» **Problem to solve**
Using the records that follow, reproduce exactly the lines starting at the line containing "HTTP vs. HTTPS: What’s" and ending at the line containing "Вилла в Benissa, Raco de Galeno, продажа". Include both end lines and no pictures.

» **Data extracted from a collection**
BEGIN

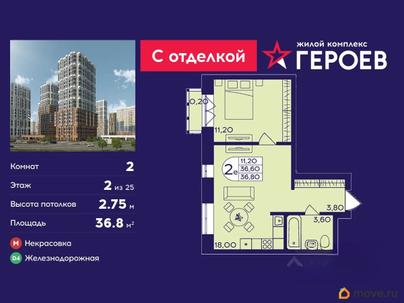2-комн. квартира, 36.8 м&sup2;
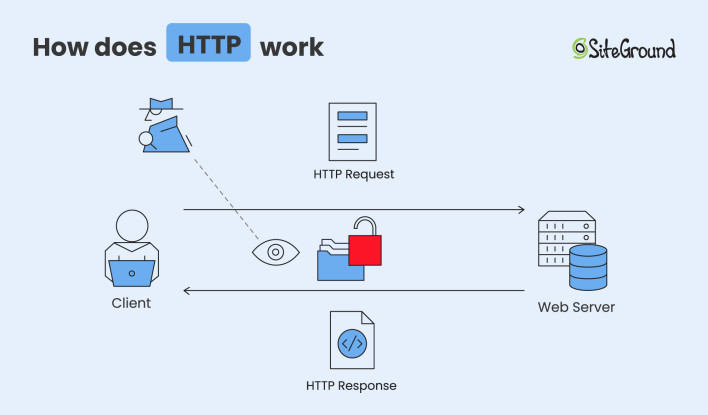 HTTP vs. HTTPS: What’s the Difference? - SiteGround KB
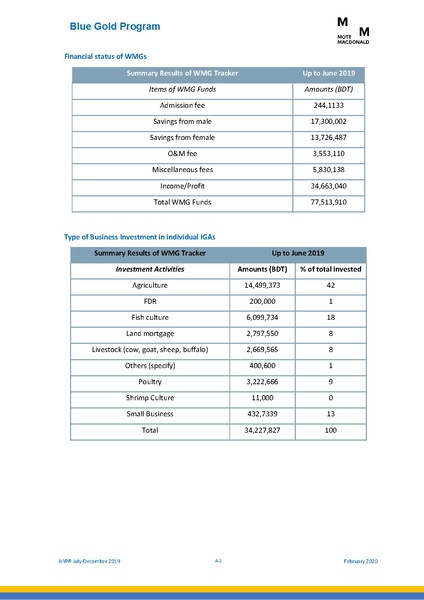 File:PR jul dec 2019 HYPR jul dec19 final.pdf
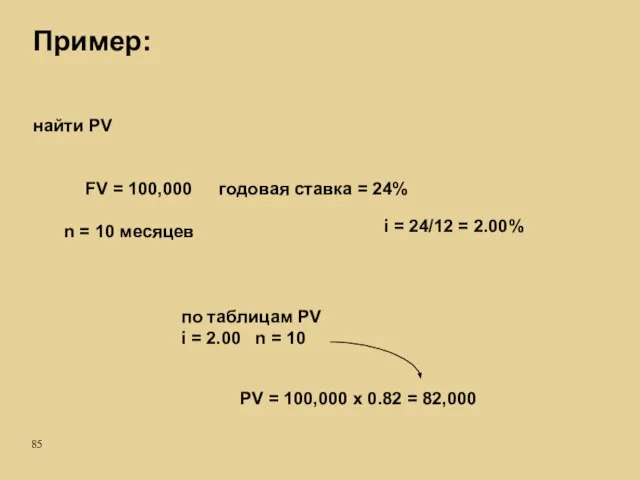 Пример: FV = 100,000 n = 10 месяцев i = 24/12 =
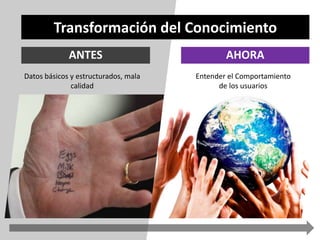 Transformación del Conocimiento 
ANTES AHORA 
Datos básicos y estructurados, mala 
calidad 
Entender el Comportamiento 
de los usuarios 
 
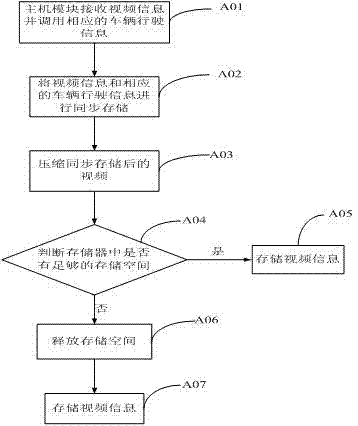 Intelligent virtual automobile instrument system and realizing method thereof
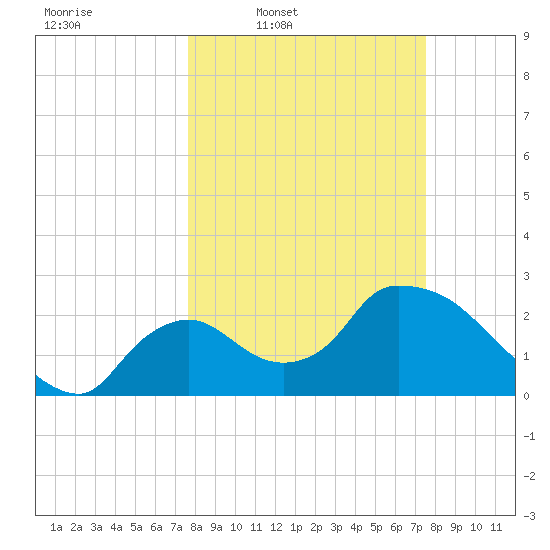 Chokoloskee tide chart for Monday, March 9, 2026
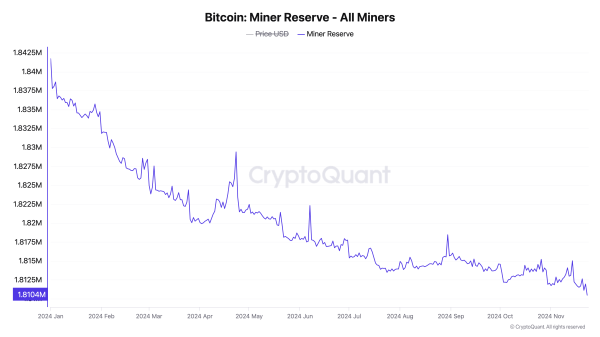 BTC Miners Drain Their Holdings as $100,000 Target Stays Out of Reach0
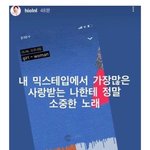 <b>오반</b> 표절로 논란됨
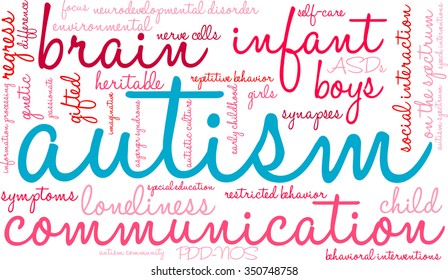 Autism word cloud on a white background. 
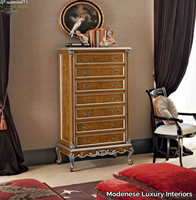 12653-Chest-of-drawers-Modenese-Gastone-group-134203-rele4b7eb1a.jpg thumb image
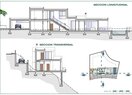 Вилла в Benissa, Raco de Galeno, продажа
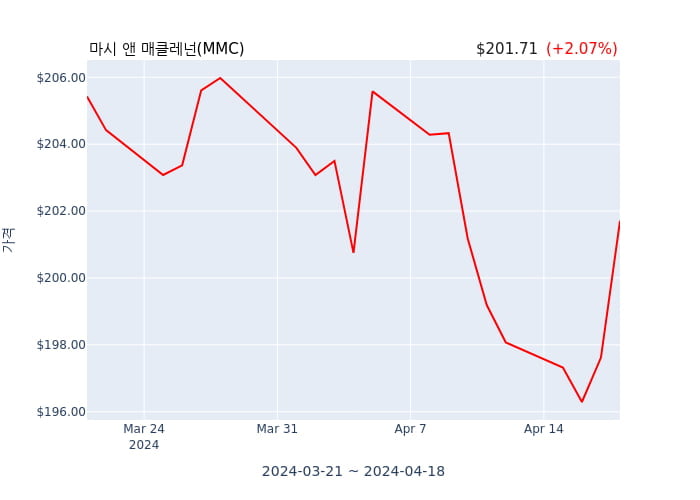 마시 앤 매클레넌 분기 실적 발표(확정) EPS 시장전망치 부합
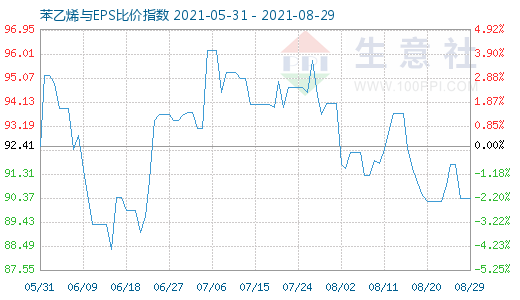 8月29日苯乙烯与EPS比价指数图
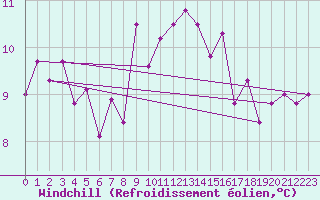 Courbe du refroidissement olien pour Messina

END
BEGIN

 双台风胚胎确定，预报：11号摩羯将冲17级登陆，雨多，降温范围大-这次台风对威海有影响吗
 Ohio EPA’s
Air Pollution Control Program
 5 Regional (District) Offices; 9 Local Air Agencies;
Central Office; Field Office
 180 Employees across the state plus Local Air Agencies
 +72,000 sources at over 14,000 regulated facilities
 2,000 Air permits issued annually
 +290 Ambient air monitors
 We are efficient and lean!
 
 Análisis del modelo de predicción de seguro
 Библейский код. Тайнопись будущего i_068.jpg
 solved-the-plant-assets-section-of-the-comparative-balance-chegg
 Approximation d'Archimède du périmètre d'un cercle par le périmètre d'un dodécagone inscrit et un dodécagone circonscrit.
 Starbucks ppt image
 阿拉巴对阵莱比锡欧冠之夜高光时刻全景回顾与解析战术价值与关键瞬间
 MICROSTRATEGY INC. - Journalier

END

» **Response area**
 HTTP vs. HTTPS: What’s the Difference? - SiteGround KB
 File:PR jul dec 2019 HYPR jul dec19 final.pdf
 Пример: FV = 100,000 n = 10 месяцев i = 24/12 =
 Transformación del Conocimiento 
ANTES AHORA 
Datos básicos y estructurados, mala 
calidad 
Entender el Comportamiento 
de los usuarios 
 
 Intelligent virtual automobile instrument system and realizing method thereof
 Chokoloskee tide chart for Monday, March 9, 2026
 BTC Miners Drain Their Holdings as $100,000 Target Stays Out of Reach0
 <b>오반</b> 표절로 논란됨
 Autism word cloud on a white background. 
 12653-Chest-of-drawers-Modenese-Gastone-group-134203-rele4b7eb1a.jpg thumb image
 Вилла в Benissa, Raco de Galeno, продажа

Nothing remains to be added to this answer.